In the summer of 2010, eighteen-year-old activist Damian Turner was shot less than three blocks from the University of Chicago hospital. Turner died in an ambulance en route to Northwestern University’s level-one adult trauma center in downtown Chicago, more than eight miles away from where he was shot. After the hospital’s leadership refused to meet with them that fall, protesters staged a “die-in” on the UofC campus, chanting, “How can you ignore, we’re dying at your door? How can you ignore, we’re bleeding on the floor? How can you ignore, we’re shot next door?”

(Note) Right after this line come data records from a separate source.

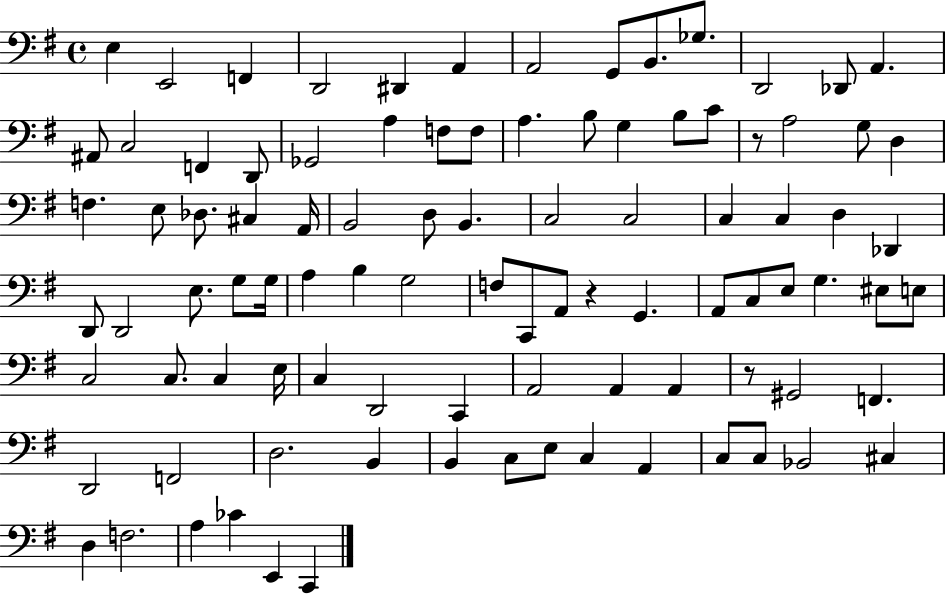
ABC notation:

X:1
T:Untitled
M:4/4
L:1/4
K:G
E, E,,2 F,, D,,2 ^D,, A,, A,,2 G,,/2 B,,/2 _G,/2 D,,2 _D,,/2 A,, ^A,,/2 C,2 F,, D,,/2 _G,,2 A, F,/2 F,/2 A, B,/2 G, B,/2 C/2 z/2 A,2 G,/2 D, F, E,/2 _D,/2 ^C, A,,/4 B,,2 D,/2 B,, C,2 C,2 C, C, D, _D,, D,,/2 D,,2 E,/2 G,/2 G,/4 A, B, G,2 F,/2 C,,/2 A,,/2 z G,, A,,/2 C,/2 E,/2 G, ^E,/2 E,/2 C,2 C,/2 C, E,/4 C, D,,2 C,, A,,2 A,, A,, z/2 ^G,,2 F,, D,,2 F,,2 D,2 B,, B,, C,/2 E,/2 C, A,, C,/2 C,/2 _B,,2 ^C, D, F,2 A, _C E,, C,,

The subsequent five years witnessed an escalation in protests over the absence of trauma care on Chicago’s South Side, which has some of the city’s highest rates of violence. Students joined local youth organizers and clergy to demand that the university assume responsibility and put resources towards funding an adult trauma-care facility at its own hospital, which is located in the approximate center of the South Side of the city. Despite increasing pressure from local politicians and elites, university leadership had for the most part remained intransigent. Yet in September 2015 the university announced that its medical center would sponsor a $40-million trauma center for adults, to be located at Holy Cross, another South Side hospital. Three months later, after continued criticism that a significant portion of the South Side would remain far from trauma care under this proposed plan, the university withdrew from the collaboration and announced that it would instead plan to provide adult trauma care on its own campus.

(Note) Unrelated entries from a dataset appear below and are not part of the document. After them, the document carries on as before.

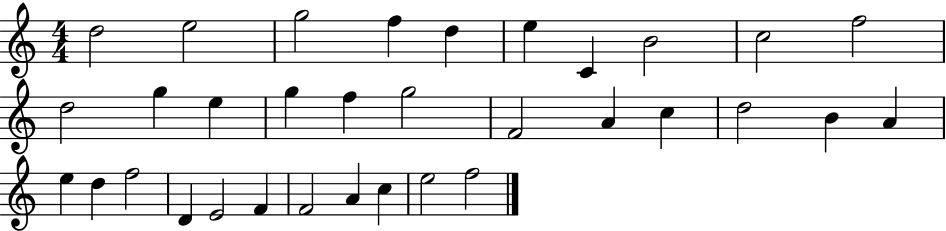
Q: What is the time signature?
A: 4/4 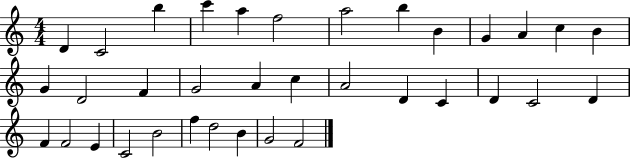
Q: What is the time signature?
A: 4/4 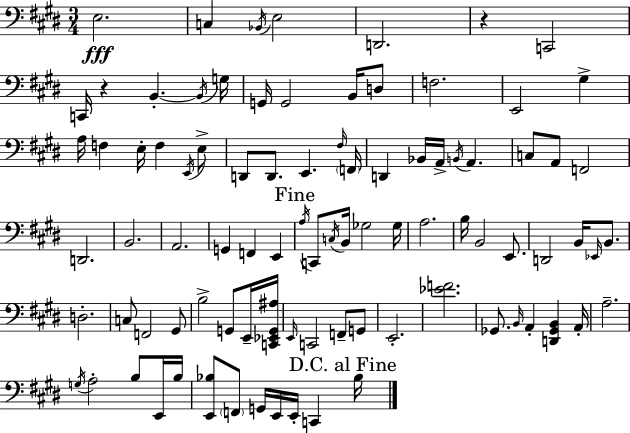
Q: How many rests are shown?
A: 2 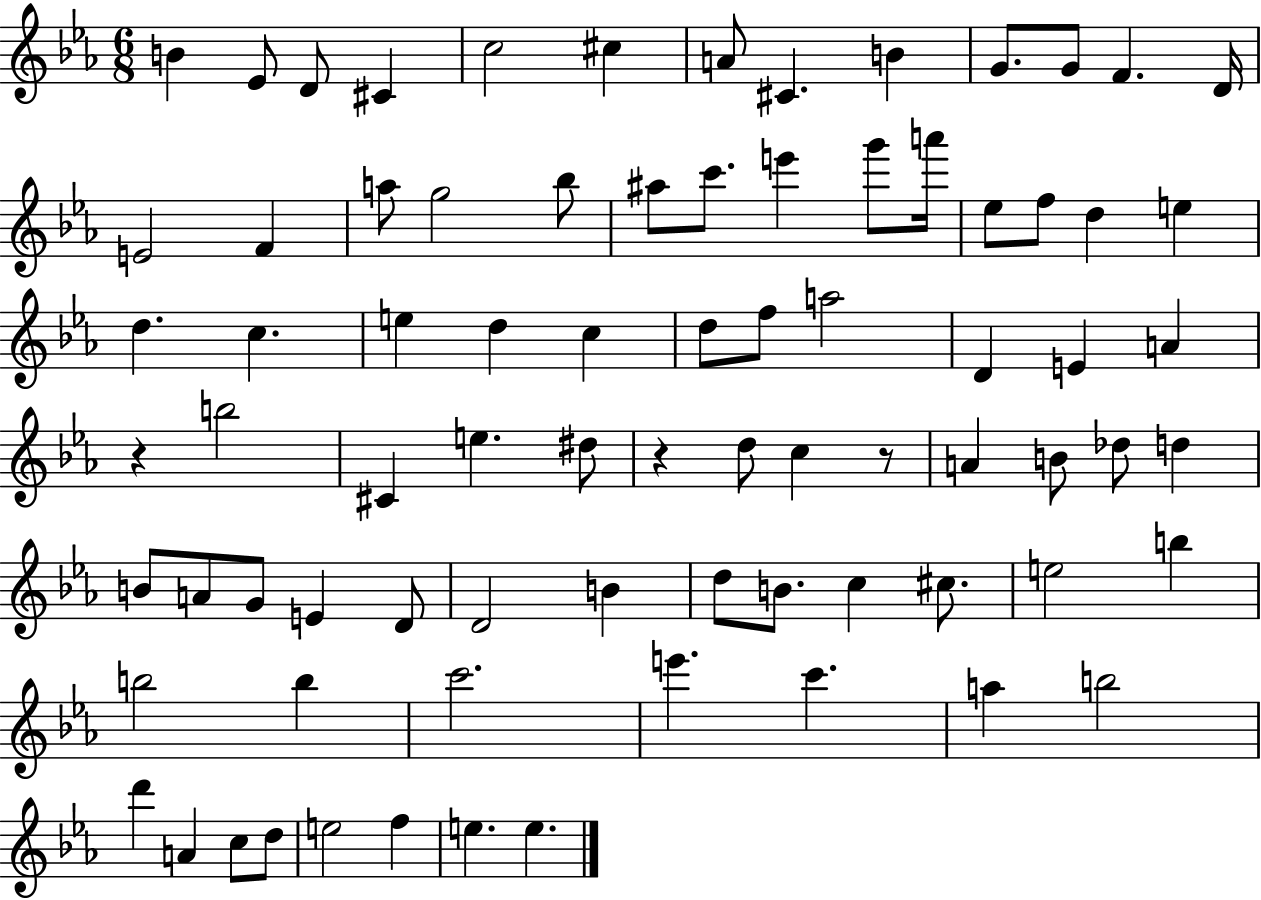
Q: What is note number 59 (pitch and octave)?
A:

The intensity of demonstrations had increased in the months leading up to the first trauma center proposal this fall. Nine demonstrators—including one of the co-authors of this piece—were arrested at a sit-in at the university’s main administration building in June, and a prominent alumnus of its medical school was arrested for physically assaulting a demonstrator on campus shortly afterward. In the context of the university’s recent efforts to host Barack Obama’s presidential library, protesters succeeded in generating national media attention. Both announcements—and especially the second—underscore both the victory and efforts of years of protest.
Celebrations, however, can only be properly viewed from the historical shadow of the University of Chicago’s relationship with its African-American neighbors on the South Side. Indeed, there is little doubt that this announcement is likely to be incorporated into the university’s own narrative of innovation and its promotion of egalitarian ideals and policies. Left unexamined is how these aspirations often deny resources to the populations at the university’s borders, including many of the policies designed to desegregate the institution from within.
To be sure, the University of Chicago hardly stands out in this regard: while the Jim Crow South is often used as a foil in narratives of the broader United States as a land of opportunity, from the first Great Migration onward countless public and private institutions in northern cities have denied African-American residents social, economic and civil opportunities and rights. Even as we chart the efforts of the university to move toward racial and social inclusion internally, the parallel history of its policies toward its neighbors on the South Side requires consideration for those applauding this latest progressive victory.
From its inception in 1890, the University of Chicago has striven to differentiate itself from its peers on the East Coast in both social and intellectual practice. Intentionally divorcing itself from the elite American university tradition of primarily training the sons of the nation’s upper class, from day one the Chicago welcomed both women and African Americans. (Neither population would be admitted across the Ivy League in significant numbers until the late 1960s and early 1970s.) The university’s founding articles embraced notions of equality remarkable for the late nineteenth century, including the promise to “provide, impart, and furnish opportunities for all departments of higher education to persons of both sexes on equal terms.”
Over the course of the twentieth century the University of Chicago trained and supported a number of renowned African-American students. Horace Cayton and St. Claire Drake, the co-authors of Black Metropolis (1945), were both doctoral students in sociology at the university in the 1930s. The anthropologist Allison Davis, the first African-American faculty member granted tenure at any major white institution, gained this position at Chicago.
But the university’s internal commitments to racial inclusion would not extend to its relationship with the African-American population redlined at Hyde Park’s borders, just a couple miles away from Chicago’s “Black Belt,” until the Supreme Court banned racially restrictive covenants in 1948. As Richard Wright writes in his novel Native Son, for the South Side’s black population the university was just “the school out there on the Midway.”
The stark distance between Black Chicago and the University suggested by Wright’s “out there” is not unidirectional: “out there”—with all the connotations of fear, phobia, and wilderness that it may bear—also captures the university’s stance toward its black neighbors, irrespective of its racially progressive agenda on campus.
And “out there” also captures how difficult, if not impossible, Chicago’s African-American population have found it to access the school’s resources, whether that was for education, a medical emergency, or both. In his introduction to Cayton and Drake’s Black Metropolis, Wright noted that living in the vicinity of the University of Chicago had given him his “first concrete vision of the forces that molded the urban Negro’s body and soul.” This vision was not gained through acceptance. “I was never a student at the university,” Wright continued. “It is doubtful if I could have passed the entrance examination.”